11. A Full Bench of this Court, to which one of us was also a member (Sanjiv Khanna, J. ), examined the said provisions, after referring to the objective and reasons for the enactment of 1920 Act. Reference was made to the Supreme Court decisions, in Shankaria v. State of Rajasthan, (1978) 3 SCC 435, Mohd. Aman v. State of Rajasthan, (1997) 10 SCC 44, State of Madhya Pradesh v. Devendra, (2009) 14 SCC 80, to gauge the scope of the aforesaid provisions. Reference was also made to Manikram v. State, (2009) 5 CTC 316, in which it has been held that no law prohibits an investigating officer from lifting finger prints of an accused, for comparison. Section 5 of 1920 Act and Section 311A Cr.P.C., as inserted by Act 25 of 2005, were with regards to the powers of a Judicial Magistrate, when approached by the investigating officer. However, these two sections did not put any embargo on the investigating officer, acting on his own. It was observed that there was no mandatory provision, under 1920 Act, to obtain permission of the Magistrate. Thereafter, reference was made to State of Bombay v. Kathi Kalu Oghad, AIR 1961 SC 1808, wherein the Supreme Court examined whether Section 27 of the Indian Evidence Act, 1872 violates Articles 14 and 20(3) of the Constitution. This contention was rejected, on the ground that, an accused, who is asked to provide finger prints or handwriting etc., was not being compelled to be a witness against himself. Furnishing proof for identification cannot be equated with compulsion to be a witness. The expression „to be a witness‟ was not equivalent to furnishing evidence in its widest significant . „To be a witness‟ means imparting knowledge with respect to relevant facts, by oral or written statement, given in the court or otherwise.

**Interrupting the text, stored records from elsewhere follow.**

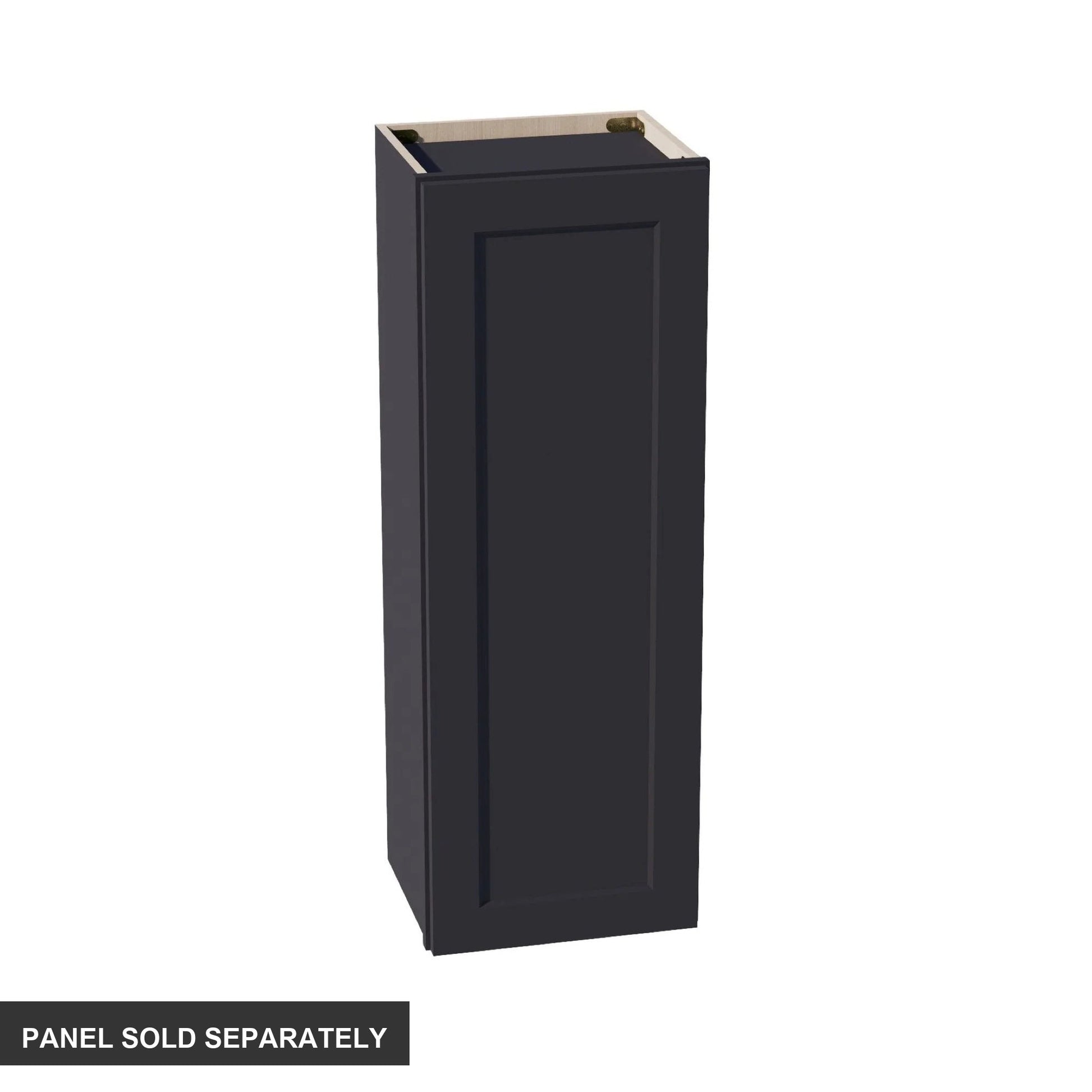 Shaker Wall Cabinet 15" (W1542) · Ardelle
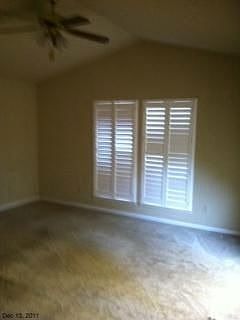 3rd image of 2617 Canyon Creek Dr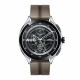 Smartwatch Xiaomi BHR7210GL Smartwatch Xiaomi BHR7210GL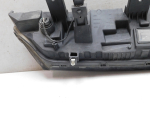 Фара дневного света (ходовые огни) для Exeed RX 2023>, OEM 605000792AA - вид 5 (фото)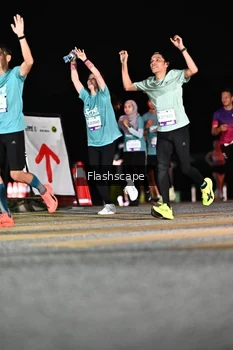 Runner Photo 2410465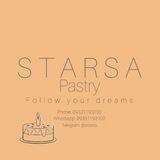 S T A R S A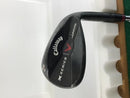 Wedge X Series Jaws 52 /12 Wg Ns Pro 950Gh S) C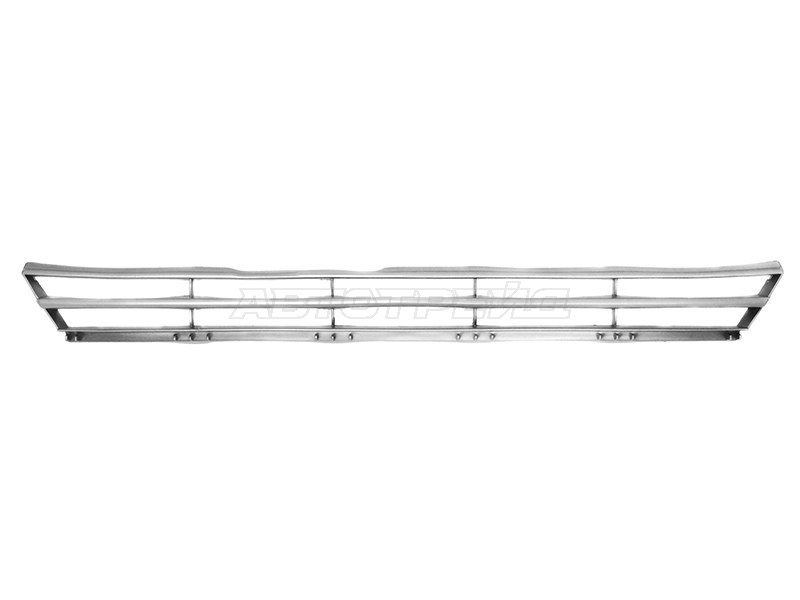 Решетка  Toyota Harrier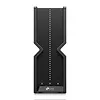 TP-LINK Router Archer BE550 WiFi 7 BE9300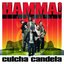Hamma!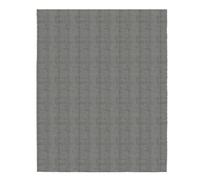 CONGARTENO Non-slip PVC Car Roof Cargo Mat Protective Pad for Carrier Bags Anti-slip Cushion Mat for Trunk and Roof Scratch-resistant Weatherproof Pad for Vehicle Storage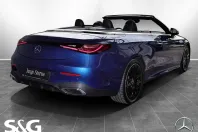 Mercedes-Benz CLE 300 (Clasa CLE) din 2024 cu 23.550 km - oferta MER188469 - foto 2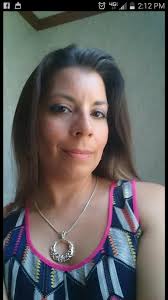 Diana Michelle Norton Obituary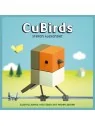 Cubirds de Maldito Games en Juegos de Cartas | La Cueva Roja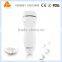 notime wrinkle eraser cosmetology ems body shaper slimming machine
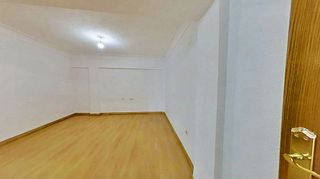 Piso en venta en Carolinas Altas en Alicante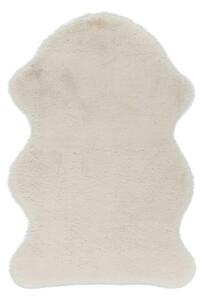 UMELÁ KOŽUŠINA, 60/90 cm, - Online Only bytové doplnky, Online Only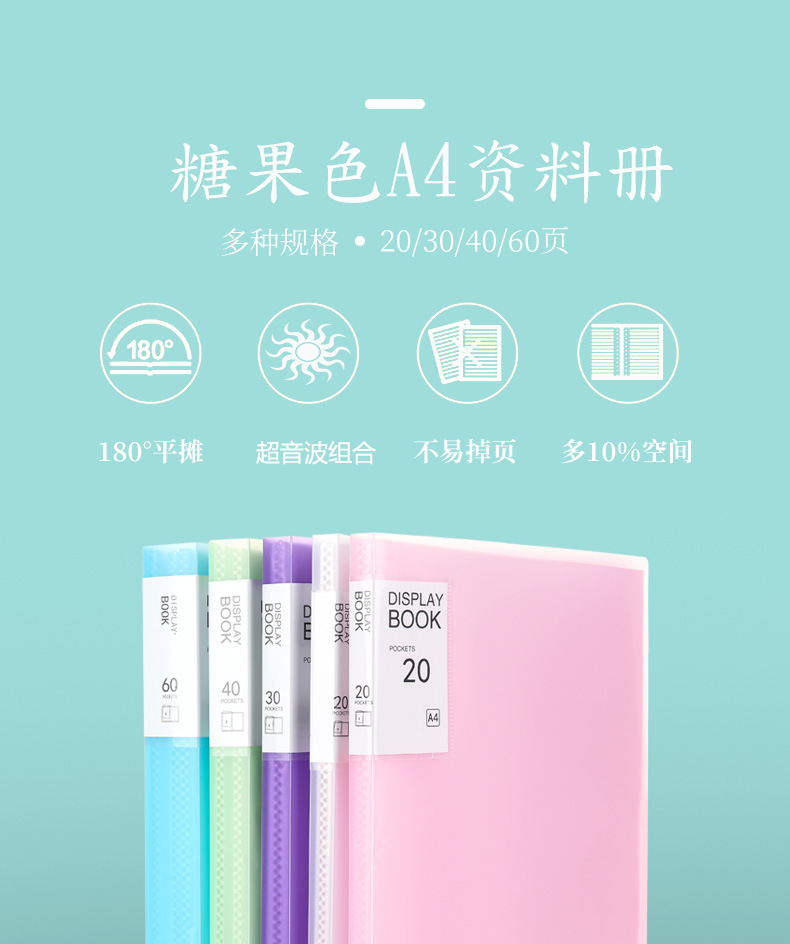 描述图_2.jpg?x-oss-process=image/format,png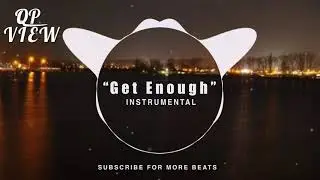Afro Beat Instrumental 2019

Crl. M.A 14076/2012 Page 5 of 14

12. The Full Bench relied upon judgments of the Supreme Court in Directorate of Enforcement v. Deepak Mahajan & Anr., AIR 1994 SC 1775, Pooran Mal v. The Director of Inspection (Investigation), New Delhi, (1974) 1 SCC 345, wherein it has been held that the term investigation was very wide and evidence obtained on an illegal investigation or search cannot be excluded as it still retains the character of material evidence. Admissibility of evidence has to be judged keeping in view the provisions of The Indian Evidence Act, 1872.

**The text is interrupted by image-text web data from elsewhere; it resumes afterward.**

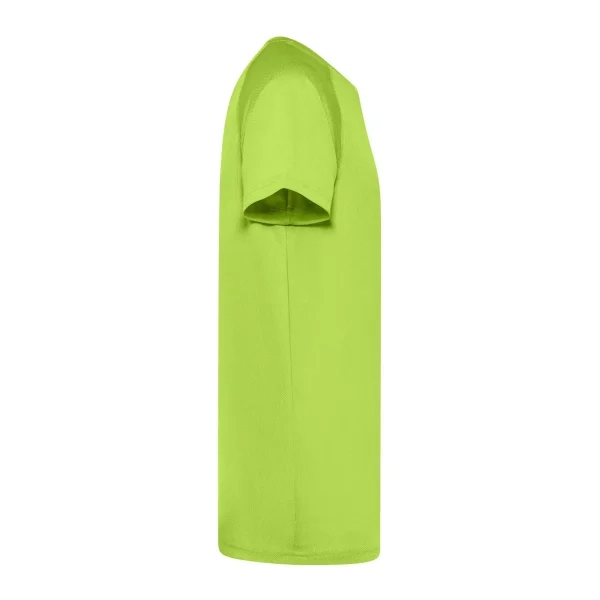 Immagine Run T-shirt sport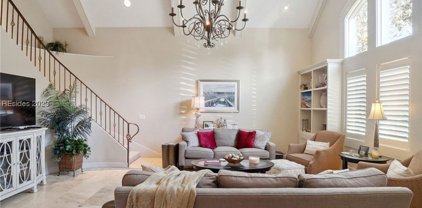 15 Sunset Place, Hilton Head Island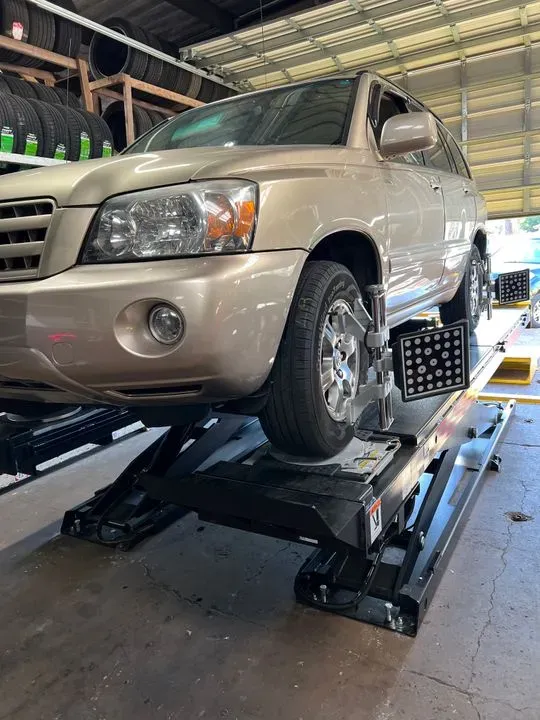 https://cdn.trust-mechanics.com/photos/wrHNhI7l4X2uZaAMrXjb/4699025c-b71a-4337-bc0e-732dca08e8f6_720x720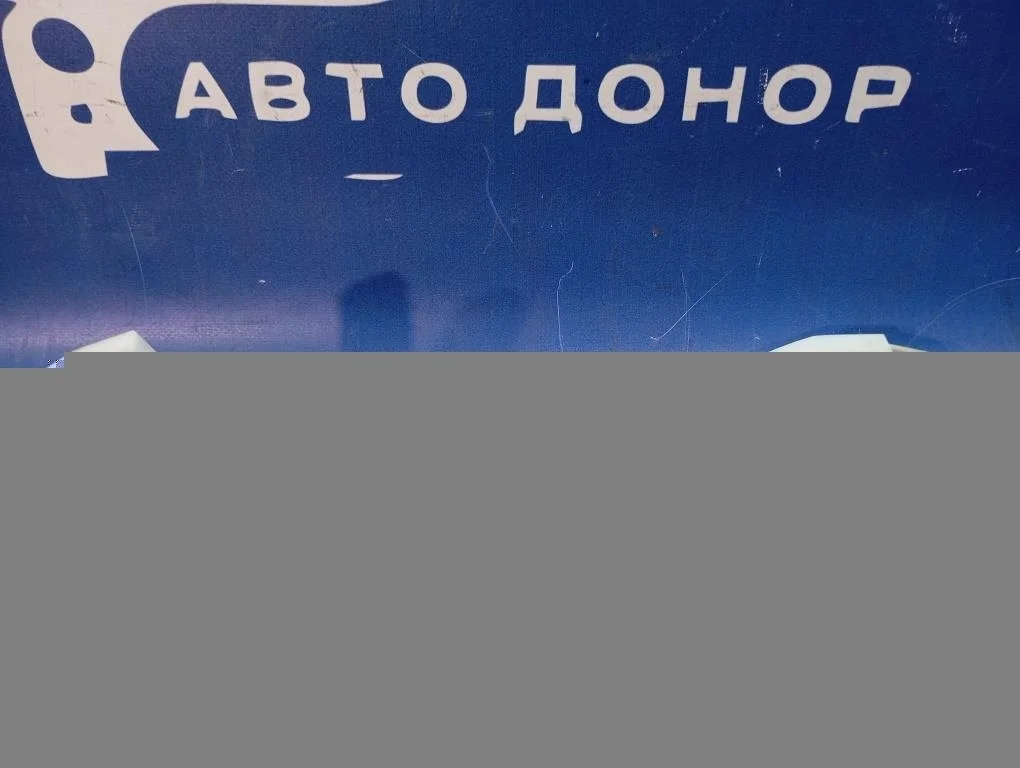 крепление бампера SUZUKI ESCUDO TD54W J20A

13. Reference was also made to Section 73 of the Evidence Act. As the said Section is relevant, for the sake of convenience it is reproduced below:-

Section 73: Comparison of signature, writing or seal with others admitted or proved:-In order to ascertain whether a signature, writing or seal is that of the person by whom it purports to have been written or made, any signature, writing, or seal admitted or proved to the satisfaction of the Court to have been written or made by that person may be compared with the one which is to be proved, although that signature, writing or seal has not been produced or proved for any other purpose.
The Court may direct any person present in the Court to write any words or figures for the purpose of enabling the Court to compare the words or figures so written, although that signature, writing, or figures alleged to have been written by such person.
[This section applies also, with any necessary modifications, to finger-impressions.]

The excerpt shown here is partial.